Task to complete:
What is needed is an exact copy of every line from the one with "Travis Mathew Online" to the end of the entries below, without the pictures.

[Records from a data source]
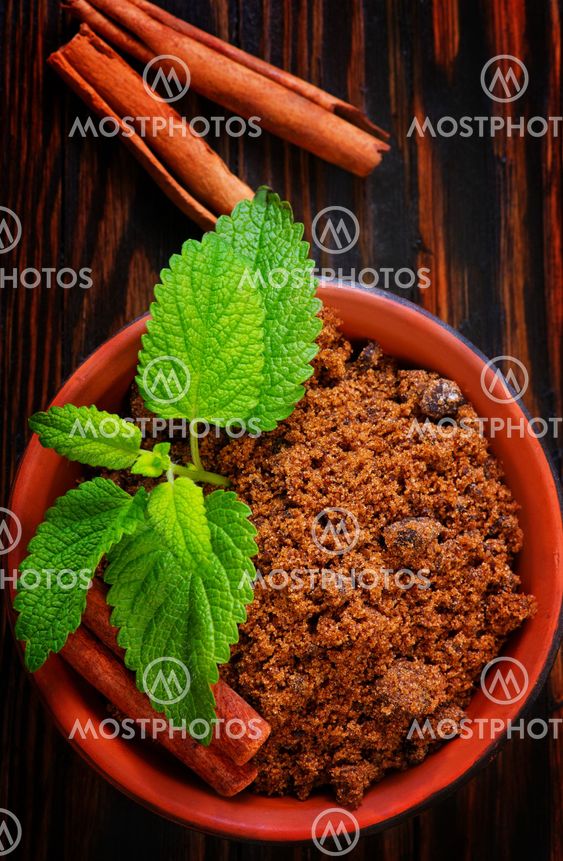 reed sugar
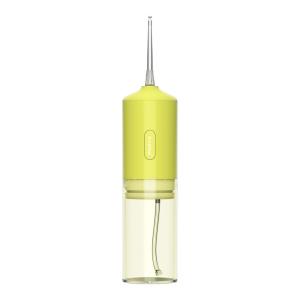 Quality FC3830 Colorful 160ml ABS Water Dental Flosser wholesale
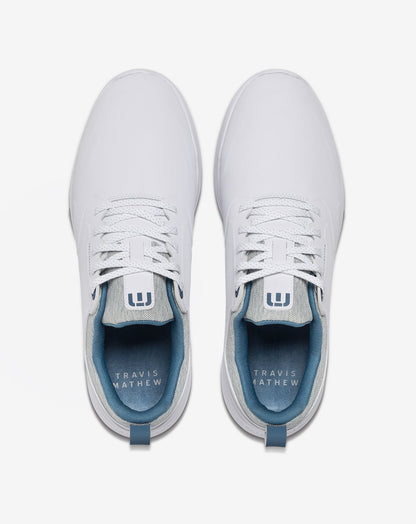 Travis Mathew Online The Daily Pro Plus Golf Shoe Shoes|Golf
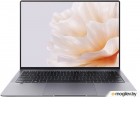  Huawei MateBook X Pro MorganG-W7611T Core i7 1360P 16Gb SSD1Tb Intel Iris Xe graphics 14.2 LTPS Touch (3120x2080) Windows 10 Home grey space WiFi BT Cam (53013SJV)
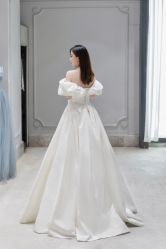 -MuseMarry婚纱(前海嘉里中心店)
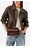 Сумка З Ремінцем Jenny CEO-JNY-M-009-10 КОРИЧНЕВИЙ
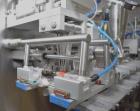 Used Weighpack Systems Swifty 3600 Horizontal Pre Made Bags/Pouch Filler and Sealer. Capable of speeds up to 45 bags per minute. Has a bag size range: 3.5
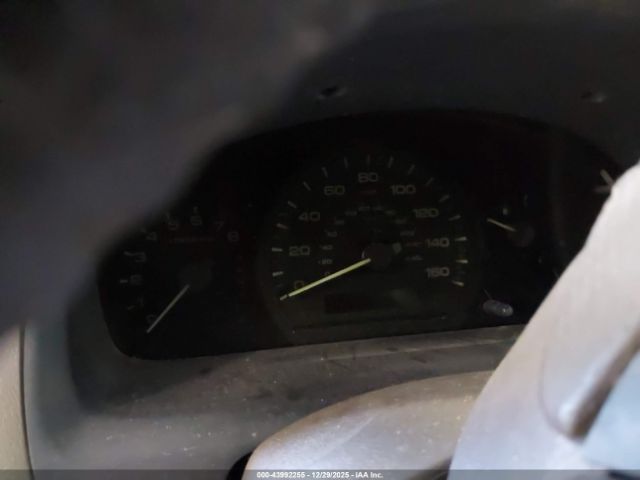 Honda Accord 3.0 Ex Image 2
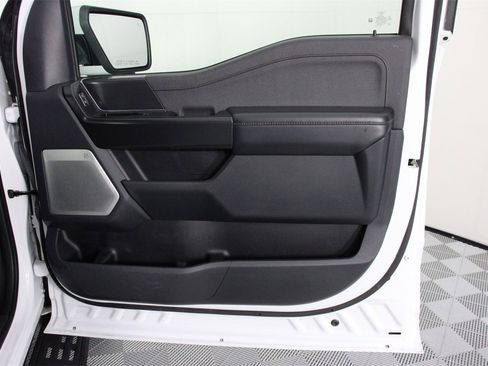 Used 2022 Ford F150 Raptor w/ Equipment Group 801A High image 21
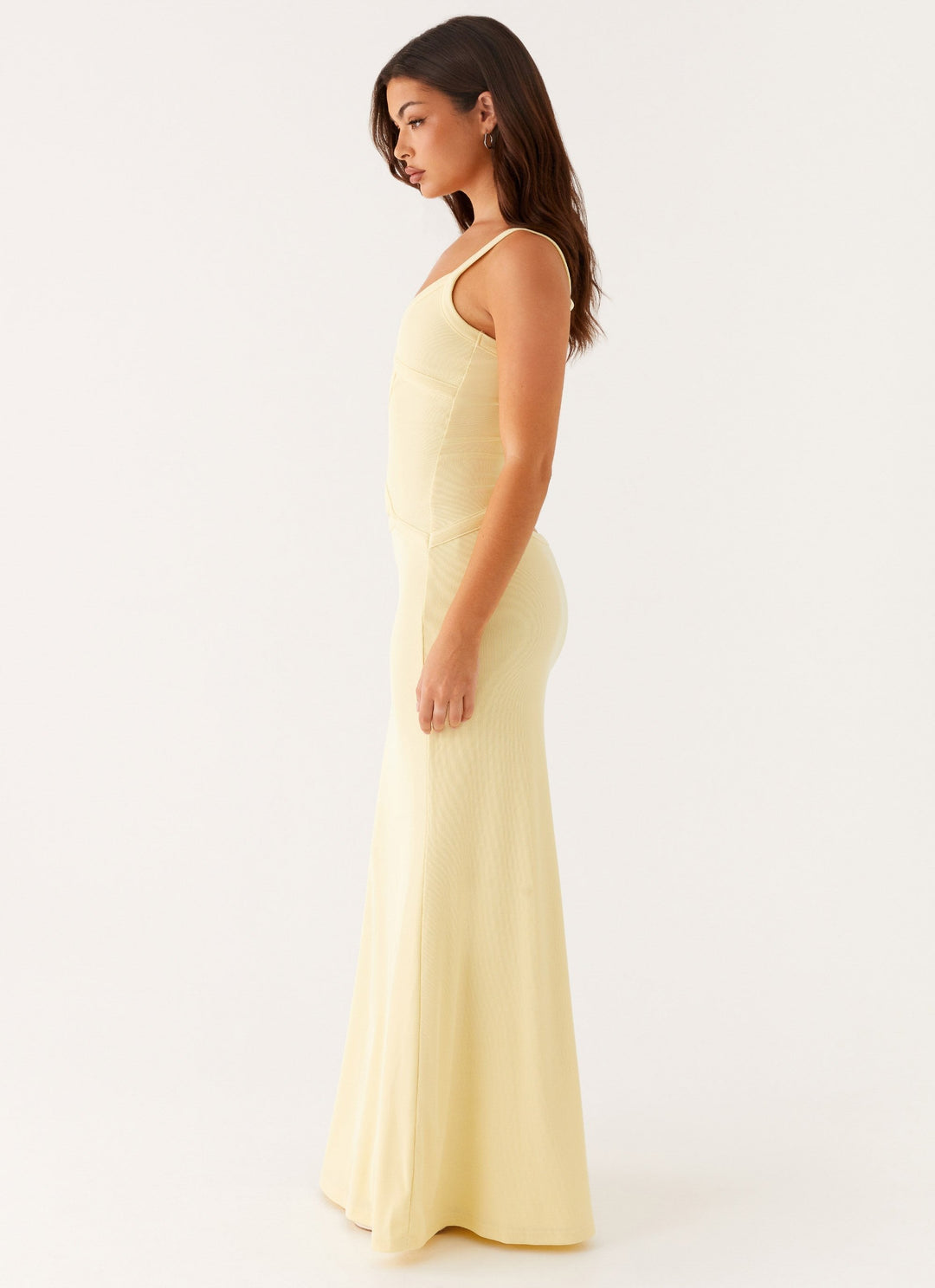 MARIA I ROBE MAXI ÉLÉGANTE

Answer space:
 Travis Mathew Online The Daily Pro Plus Golf Shoe Shoes|Golf
  Huawei MateBook X Pro MorganG-W7611T Core i7 1360P 16Gb SSD1Tb Intel Iris Xe graphics 14.2 LTPS Touch (3120x2080) Windows 10 Home grey space WiFi BT Cam (53013SJV)
 -MuseMarry婚纱(前海嘉里中心店)
 Сумка З Ремінцем Jenny CEO-JNY-M-009-10 КОРИЧНЕВИЙ
 Used Weighpack Systems Swifty 3600 Horizontal Pre Made Bags/Pouch Filler and Sealer. Capable of speeds up to 45 bags per minute. Has a bag size range: 3.5
 Honda Accord 3.0 Ex Image 2
 Used 2022 Ford F150 Raptor w/ Equipment Group 801A High image 21
 MARIA I ROBE MAXI ÉLÉGANTE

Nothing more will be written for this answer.